Author Jon E. Lewis spends a few pages each on ninety-eight subjects, nineteen specifically about people, and with several subjects there is documentation to support his original piece. I did wonder if this was more as padding than anything, purely because much of the detail is covered in his articles although I suspect those wanting to see examples of the sources material will find this helpful.

So, let's pick out some tit-bits that I hadn't known before or embellished what I did know.

Those of you who use Apple computers might find it either amusing or worrying that the price tag of the first one was $666.66 but more worrying is its builders like collecting personal information about you.

The so-called Church of Scientology bought out the bankrupt Cult Awareness Network, Apparently, Dulce Base in Northern Mexico is far more likely to harbour aliens than Area 51. Did you know the meaning of 'foo' as in 'Foo Fighters' is fire and nothing to do with the rock band? Although Lewis doesn't go into this in his article, it is well known that methane at ground level can generate small fireballs but I would have thought at height with planes flying at speed that such fireballs wouldn't last long enough for the pilots to see for more than a split-second.

Some of the conspiracies are actually true by the way. General Motors aided by cheap petrol helped demolish the use of street-cars (we would call them trams) in the USA. Considering the looming petrol shortages or at least a need for cleaner air, isn't it about time they were in use again in the cities?

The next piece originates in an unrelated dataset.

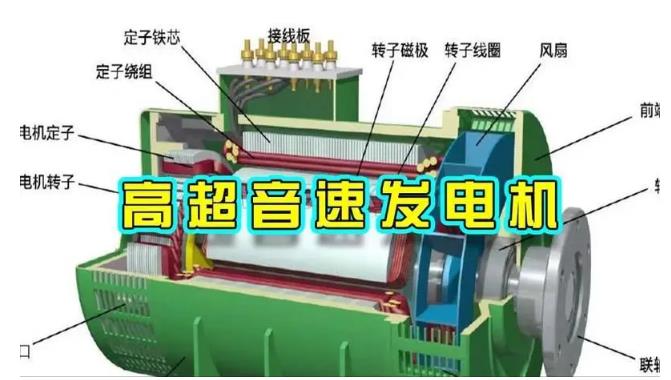 鹤岗颠覆你对发电方式的认知！中国革命性发电机公开揭秘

There are some conspiracies that are probably true. Lewis points out 'The Manchurian Candidate' is how some cult religions manipulate their followers being only a little short of turning them into assassins. The whereabouts of Nazi Gold has been used in many a TV episode over the years. Although it wasn't dumped in a lake, it does appear to be in various banks now. There are noted two different plots by the Americans against Castro, one official and one rogue. While discussing the USA, Plum Island is their equivalent of the UK's Portland Down Research Centre for bio-warfare. Then again, under apartheid, South Africa had 'Project Coast' doing similar things as well.

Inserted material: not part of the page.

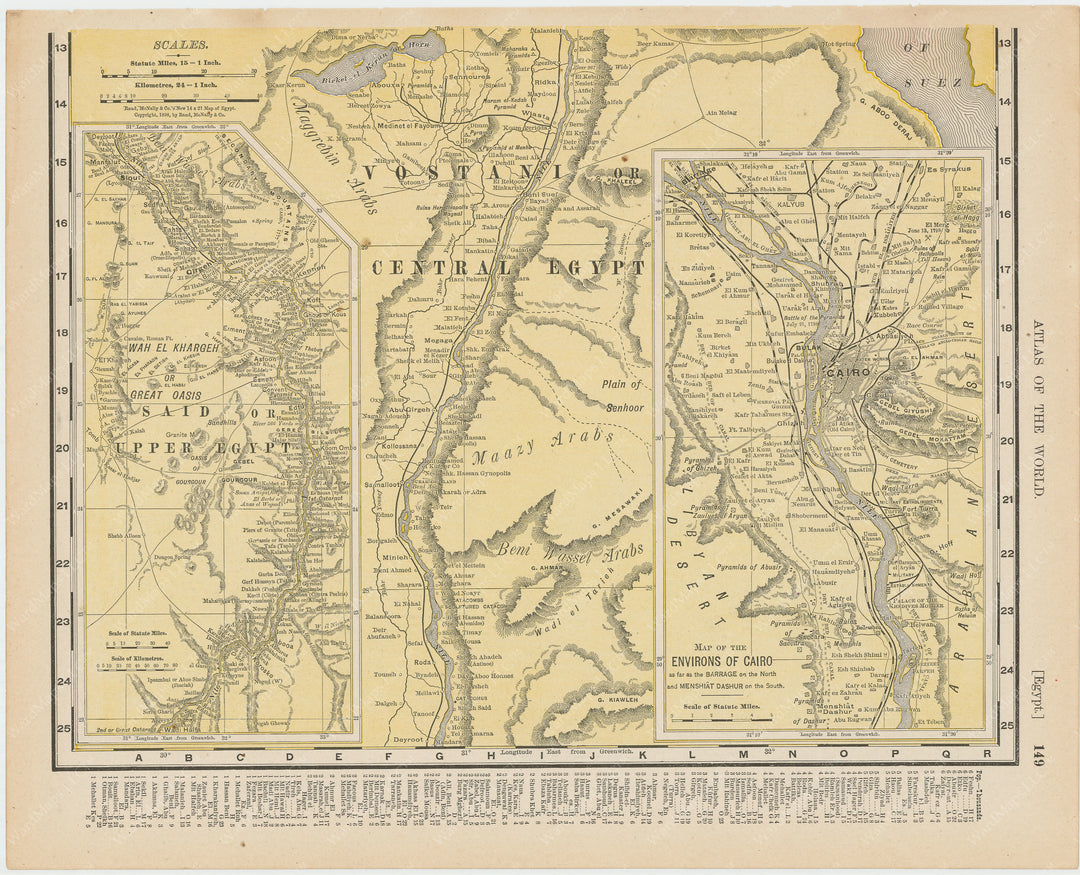 Egypt (South Part) 1900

For those of you who wondered how 'Project Paperclip' got its name and which 'The X-Files' drew attention to actually existed. When the Americans were cherrypicking ex-Nazis for their scientific or technological knowledge, they used paperclips to make it easier to pick out their personal file. The Americans didn't just pick out German scientists as Lewis point out with Unit 731, they also cherrypicked Japanese scientists, too.

The Mantell Incident, where a USAF pilot sent to investigate a UFO crashes after flying too high is put down to chasing a weather balloon. Considering that ground staff had visual and radar on the object and who must surely have been familiar with anything in the sky at the time to be suspicious enough to send planes to investigate must have meant something was happening. The reports appended seem to confirm this. Whether it was extra-terrestrial or not is debatable but the fact that the USAF have also admitted to hyping UFO reports to hide their black ops aircraft, you would have thought the true evidence could have been revealed by now. I'm still amazed how anyone could confuse the SR-71 Blackbird with any UFO considering it doesn't stay at low altitude for long.

There is a piece indicating that subliminal advertising doesn't work although I wish Lewis had considered the effect of repeat showings of adverts getting into the brain and influencing what you buy.

Probably the most tragic for its victims is the Tuskegee Syphilis Study where black people were infected with syphilis but not given any treatment in 1932 and it wasn't until 1997 that there was a former apology to the few survivors and off-spring left. In some respects, this reminds me of the ill treatment to British military personal left too close nuclear detonations in and their contamination which they never got compensation for.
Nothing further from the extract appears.